Este fim-de-semana, foi um rodopio. Do presidente da república, ao primeiro-ministro, do ministro da administração interna ao ministro do ambiente, do ministro da agricultura aos partidos de oposição, estiveram lá todos. Enquanto os representantes do governo exultavam, por não ter havido vítimas (não é essa a principal missão da protecção civil?), alguns populares, obrigados a sair de casa pela GNR, protestavam por terem perdido as suas casas e haveres (!?). Marcelo, o presidente dos afectos, beijava-os a todos e ouvia com atenção, prometendo uma avaliação de toda a operação, para quando terminasse o Verão. Afinal, ainda falta um mês e meio para terminar a "época dos fogos" e nunca se sabe...
Estou contente por não ter havido vítimas. A protecção civil aprendeu a lição do ano passado e esteve bem desta vez. Não se compreende as críticas daqueles que recusavam sair das casas, pondo as suas vidas em perigo. Entre salvar bens materiais e vidas humanas, não pode haver hesitação.
Obviamente, que perder casas, animais e plantações agrícolas, é sempre doloroso. Muitas daquelas pessoas já não voltarão à agricultura. Mas, uma casa pode reconstruir-se sempre e haverá apoios para recomeçar uma nova vida. Não perceber isto e criticar esta intervenção do governo, é ajudar à onda de populismo que a oposição, à falta de alternativas, tenta cavalgar a todo o custo.

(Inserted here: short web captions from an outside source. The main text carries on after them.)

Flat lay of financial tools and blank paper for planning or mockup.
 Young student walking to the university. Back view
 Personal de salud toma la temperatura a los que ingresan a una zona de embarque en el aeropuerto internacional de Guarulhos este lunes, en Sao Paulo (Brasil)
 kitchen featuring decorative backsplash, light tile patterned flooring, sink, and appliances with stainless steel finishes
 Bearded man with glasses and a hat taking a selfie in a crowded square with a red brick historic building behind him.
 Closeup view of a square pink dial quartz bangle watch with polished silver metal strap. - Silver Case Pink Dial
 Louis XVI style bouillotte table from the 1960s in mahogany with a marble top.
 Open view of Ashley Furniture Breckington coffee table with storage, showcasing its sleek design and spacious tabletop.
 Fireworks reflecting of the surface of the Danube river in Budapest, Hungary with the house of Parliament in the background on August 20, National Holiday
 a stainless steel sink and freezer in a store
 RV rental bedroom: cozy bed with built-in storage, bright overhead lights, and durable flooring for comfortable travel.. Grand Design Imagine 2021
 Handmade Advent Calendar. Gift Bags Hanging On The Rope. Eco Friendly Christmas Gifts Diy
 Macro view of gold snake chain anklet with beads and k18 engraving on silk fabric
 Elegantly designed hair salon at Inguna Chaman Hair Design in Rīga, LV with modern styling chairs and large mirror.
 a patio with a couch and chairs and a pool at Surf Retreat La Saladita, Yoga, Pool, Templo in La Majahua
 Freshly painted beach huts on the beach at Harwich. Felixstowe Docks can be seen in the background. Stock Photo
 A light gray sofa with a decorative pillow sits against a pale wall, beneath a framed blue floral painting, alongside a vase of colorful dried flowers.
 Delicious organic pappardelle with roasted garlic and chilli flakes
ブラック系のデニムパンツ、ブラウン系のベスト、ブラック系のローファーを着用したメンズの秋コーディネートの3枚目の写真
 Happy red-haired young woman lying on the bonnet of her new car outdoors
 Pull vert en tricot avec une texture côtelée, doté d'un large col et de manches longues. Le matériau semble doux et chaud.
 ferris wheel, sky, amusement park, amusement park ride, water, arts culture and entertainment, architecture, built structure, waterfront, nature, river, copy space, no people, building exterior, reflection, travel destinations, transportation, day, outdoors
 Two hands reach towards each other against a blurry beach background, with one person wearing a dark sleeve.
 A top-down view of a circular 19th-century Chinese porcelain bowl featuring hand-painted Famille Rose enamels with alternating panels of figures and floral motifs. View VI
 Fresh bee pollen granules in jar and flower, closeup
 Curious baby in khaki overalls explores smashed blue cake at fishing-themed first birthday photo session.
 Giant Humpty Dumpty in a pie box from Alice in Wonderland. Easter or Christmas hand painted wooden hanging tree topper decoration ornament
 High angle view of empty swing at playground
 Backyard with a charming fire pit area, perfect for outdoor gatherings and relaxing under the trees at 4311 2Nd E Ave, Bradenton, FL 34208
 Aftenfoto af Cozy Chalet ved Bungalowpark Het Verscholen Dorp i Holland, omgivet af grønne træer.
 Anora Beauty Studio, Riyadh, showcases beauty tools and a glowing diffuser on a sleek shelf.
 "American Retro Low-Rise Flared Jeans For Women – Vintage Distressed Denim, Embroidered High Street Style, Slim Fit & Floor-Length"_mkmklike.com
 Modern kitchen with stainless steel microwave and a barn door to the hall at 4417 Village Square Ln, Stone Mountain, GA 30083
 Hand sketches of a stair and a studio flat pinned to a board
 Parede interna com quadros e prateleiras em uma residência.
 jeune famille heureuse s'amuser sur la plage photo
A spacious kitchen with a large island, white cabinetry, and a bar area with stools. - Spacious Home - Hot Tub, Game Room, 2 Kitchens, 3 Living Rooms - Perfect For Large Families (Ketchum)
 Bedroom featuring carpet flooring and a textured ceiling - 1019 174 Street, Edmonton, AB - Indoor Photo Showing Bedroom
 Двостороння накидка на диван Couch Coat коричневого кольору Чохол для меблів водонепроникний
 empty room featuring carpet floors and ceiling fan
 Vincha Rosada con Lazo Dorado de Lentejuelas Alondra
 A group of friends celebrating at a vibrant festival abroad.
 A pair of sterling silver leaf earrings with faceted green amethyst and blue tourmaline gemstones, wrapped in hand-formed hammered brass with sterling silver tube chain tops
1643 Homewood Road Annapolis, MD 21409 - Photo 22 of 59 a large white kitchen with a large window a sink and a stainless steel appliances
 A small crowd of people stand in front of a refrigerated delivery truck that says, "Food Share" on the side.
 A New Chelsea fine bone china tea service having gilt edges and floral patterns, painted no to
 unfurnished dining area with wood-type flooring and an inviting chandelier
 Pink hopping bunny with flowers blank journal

Outra coisa, não menos importante, é a prevenção que continua a falhar, pese embora os esforços feitos no último ano. Coisas básicas como o cadastro do território, o ordenamento da floresta, o combate à desertificação e os incentivos económicos, de que toda a gente fala (mas que só uns poucos usufruem), devem estar no topo da agenda política de qualquer governo. A floresta portuguesa (que já foi a maior a nível europeu, em termos proporcionais de território), é ainda a nossa segunda maior riqueza natural (a primeira é o mar). As causas dos fogos estão estudadas e os diagnósticos apontam todos no mesmo sentido: desertificação do interior (75% da população vive no litoral); ordenamento do território (não existe um cadastro de terras a Norte do Tejo, o que dificulta a identificação e emparcelamento das propriedades); monocultura de determinadas espécies, como o eucalipto e o pinheiro bravo (o que aumenta a combustão e alimenta o fogo) e, finalmente, o aquecimento global que existe e vai aumentar. À excepção da última variável, que não podemos controlar, o governo pode tentar inverter e melhorar a situação. Fogos, existirão sempre. Trata-se de minimizá-los e para isso é preciso investir na prevenção, que é como quem diz, no futuro. Deixar o país melhor, deve ser o desígnio de qualquer político. A verdadeira "prova de fogo".